Già Kant nell’eliminare il sentimento tra la volontà e la legge morale nella ricerca di una validità universale e necessaria, osservava il nascere il nascere di un mostro improntato sul dovere tanto da modificare  nel terzo capitolo dell’Analitica la sua posizione sul concetto di dovere, considerandolo anche dal punto di vista della connotazione soggettiva del sentimento morale e non più solo sulla natura formale della legge morale, si attenua il dolore che nasce dalla costrizione e obbligo morale di un dovere spersonalizzato in presenza di un soggetto normale che provi empatia.

Osserva Kant che la morale risulta fondata in massime immutabili rispetto ai desideri tesi alla ricerca di una felicità immediata e come tale è alla base della costituzione sociale, si manifesta pertanto la differenza dinamica temporale tra morale, persistente nel tempo nel suo lento modificarsi, e felicità, tesa al risultato immediato.

Husserl nel recuperare la dimensione dell’inconscio ci ricorda che l’io non è solo un fascio di sensazioni, ma è fondato anche sulla capacità di dominare le proprie inclinazioni attraverso radici etiche, in quanto “razionalmente motivato” egli è capace di una razionalizzazione degli impulsi che affondano le sue radici in un contesto etico tale da chiarificare e riconoscere il factum irrazionale, emerge pertanto la necessità di un riconoscimento storico e contestuale dell’etica in cui la volontà di una sua rottura puramente razionale, secondo esclusivi principi ideologici per l’affermazione di principi alternativi, seguendo la visione di Rousseau, può dare luogo ad una ferocia eticamente sostenuta, come del resto il concentrarsi sulla pura visione contabile può portare all’eventuale distorsione del messaggio etico.

Vi sono insite nella specie umana delle necessità pratiche primarie date dalla territorialità, dalla ricerca delle risorse necessarie al sostentamento, dalla riproduzione, dalla lotta per la leadership, dagli scambi emotivi, la loro realizzazione può avvenire direttamente, mediata comunque dall’aspetto culturale, o il più delle volte indirettamente attraverso l’organizzazione che ne diventa uno strumento, senz’altro necessario al coordinamento delle attività ma sempre innanzitutto uno strumento per il singolo, usato da questi per realizzare le proprie necessità biologiche e culturali secondo una personale miscela.

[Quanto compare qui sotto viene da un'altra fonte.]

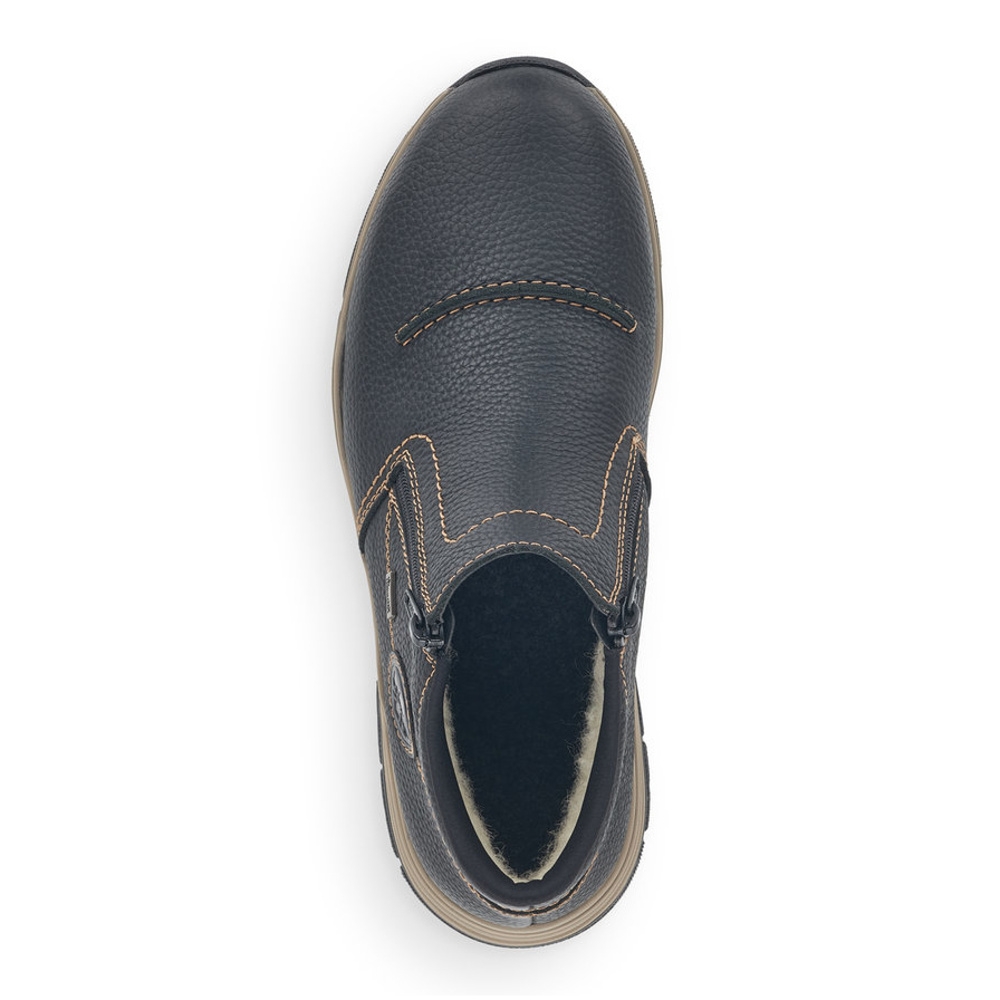 detail Pánská obuv RIEKER RIE-10300468-W2 černá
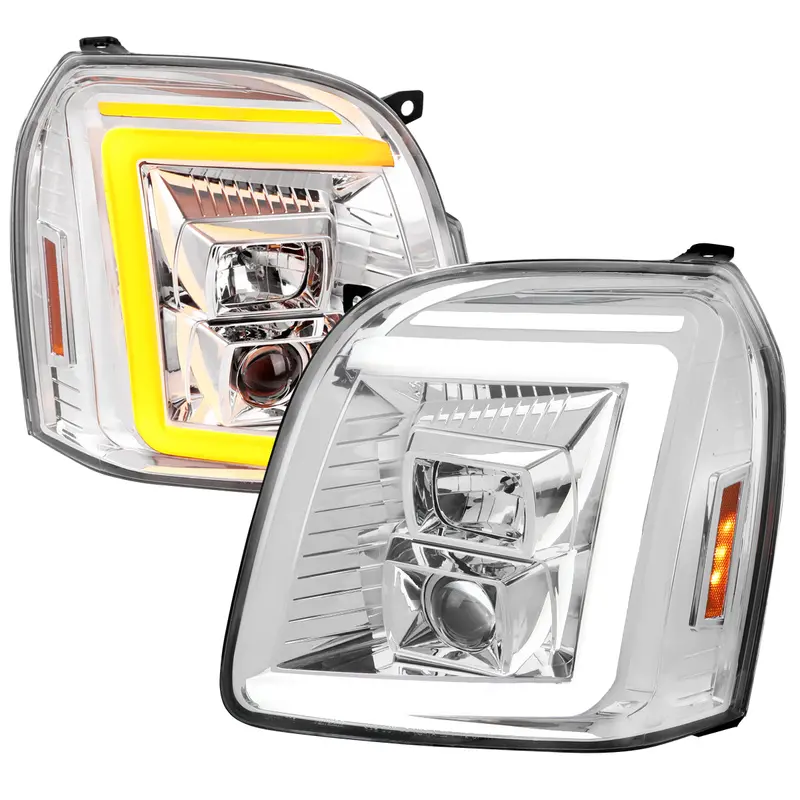 Spec-D 07-14 Gmc Yukon/Xl 1500/Xl 2500 Sequential Headlights Chrome 1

L’applicazione della norma nasce pertanto dall’impulso soggettivo e non è mai impersonale, lo diventa nel momento dell’applicazione solo come attuazione di una tendenza al tecnicismo, che si realizza attraverso il sovrapporsi delle azioni secondo procedure, la norma quindi quale fascio relazionale non è che una semplice “autorizzazione” all’esercizio “espansionale” di alcuni bisogni psichici relazionali derivanti dalla realizzazione di necessità pratiche, in questo intervengono modalità etiche e culturali nel pilotarne l’attuazione pratica sì da recuperare il personale libero arbitrio.